Antibiotic prophylaxis of graft infection is required prior to bronchoscopy, gastrointestinal or genitourinary endoscopy, and any dental procedure that may lead to bleeding (Grade 1, Level A).

Generalized sepsis, groin drainage, pseudoaneurysm formation, or ill-defined pain after OSR or EVAR should prompt evaluation of graft infection (Grade 1, Level A).

GI bleeding after OSR or EVAR should prompt evaluation of an aortoenteric fistula (Grade 1, Level A).

Excision of all graft material along with aortic stump closure with an omental flap and extra-anatomic reconstruction is recommended for treatment of an infected graft in the presence of extensive contamination (Grade 1, Level A).

In situ reconstruction with deep femoro-popliteal vein after graft excision and debridement is a recommended option when contamination is limited (Grade 1, Level A).
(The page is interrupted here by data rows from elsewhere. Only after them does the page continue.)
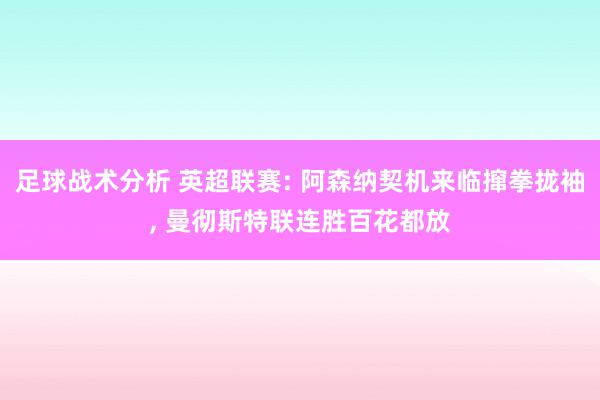 足球战术分析 英超联赛: 阿森纳契机来临撺拳拢袖, 曼彻斯特联连胜百花都放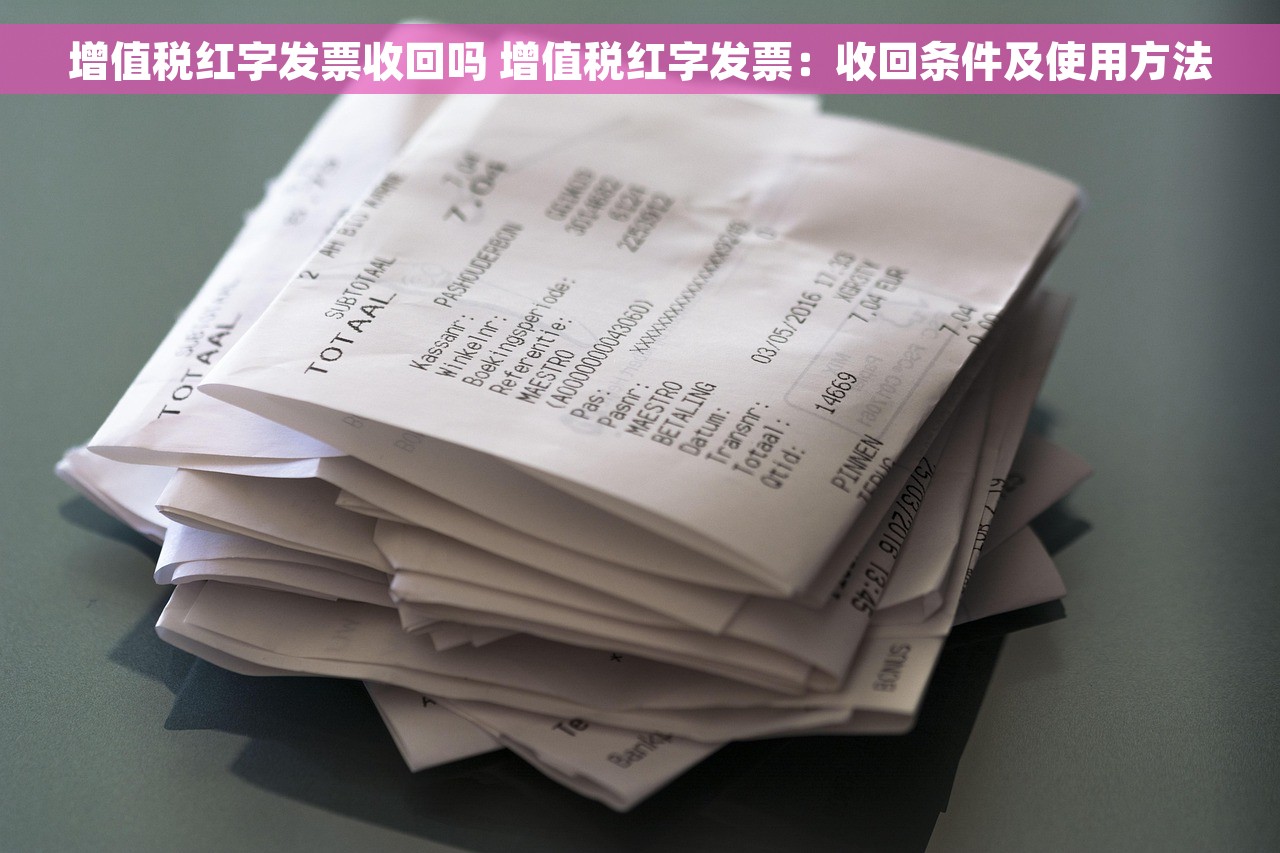 增值税红字发票收回吗 增值税红字发票：收回条件及使用方法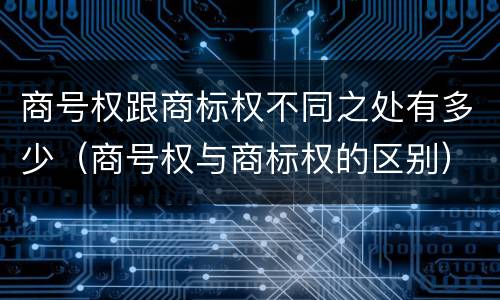 商号权跟商标权不同之处有多少（商号权与商标权的区别）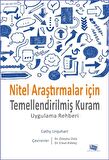 Nitel Araştırmalar İçin Temellendirilmiş Kuram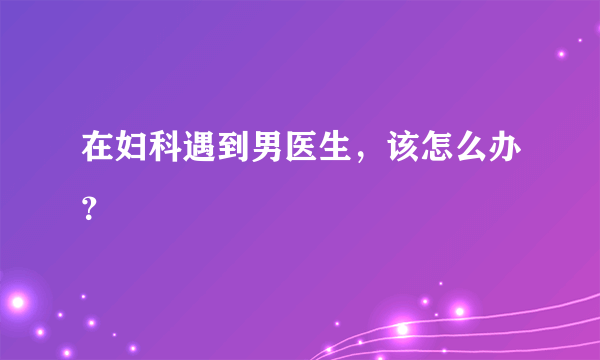 在妇科遇到男医生，该怎么办？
In situ reconstruction with silver or antibiotic impregnated grafts, arterial homografts, or a PTFE graft may be considered in patients with an infected prosthesis and limited contamination (Grade 2, Level C).

Limb occlusion

Follow-up of patients after EVAR or open surgery should include a thorough lower extremity pulse exam or ABI (Grade 1, Level A).

New onset of lower extremity claudication, ischemia, or a reduction in ABI after OSR or EVAR should prompt an evaluation of graft limb occlusion (Grade 1, Level A).

Endoleak

Type I endoleaks should be treated (Grade 1, Level A).

Treatment is recommended for Type II endoleaks associated with AAA expansion (Grade 1, Level B).

Treatment may be considered for Type II endoleaks not associated with AAA enlargement (Grade 1, Level B).

Type III endoleaks should be treated (Grade 1, Level A).

Type IV endoleaks do not require treatment (Grade 1, Level B).

Conversion to OSR of an AAA is recommended if a Type I or III endoleak does not resolve with endovascular treatment (Grade 1, Level A).

Conversion to OSR of an AAA is recommended for a Type II endoleak in association with a large or expanding aneurysm that does not resolve with endovascular or laparoscopic treatment (Grade 1, Level A).

Endotension

Conversion to OSR of an AAA is recommended for a Type II endoleak in association with a large or expanding aneurysm that does not resolve with endovascular or laparoscopic treatment (Grade 2, Level C).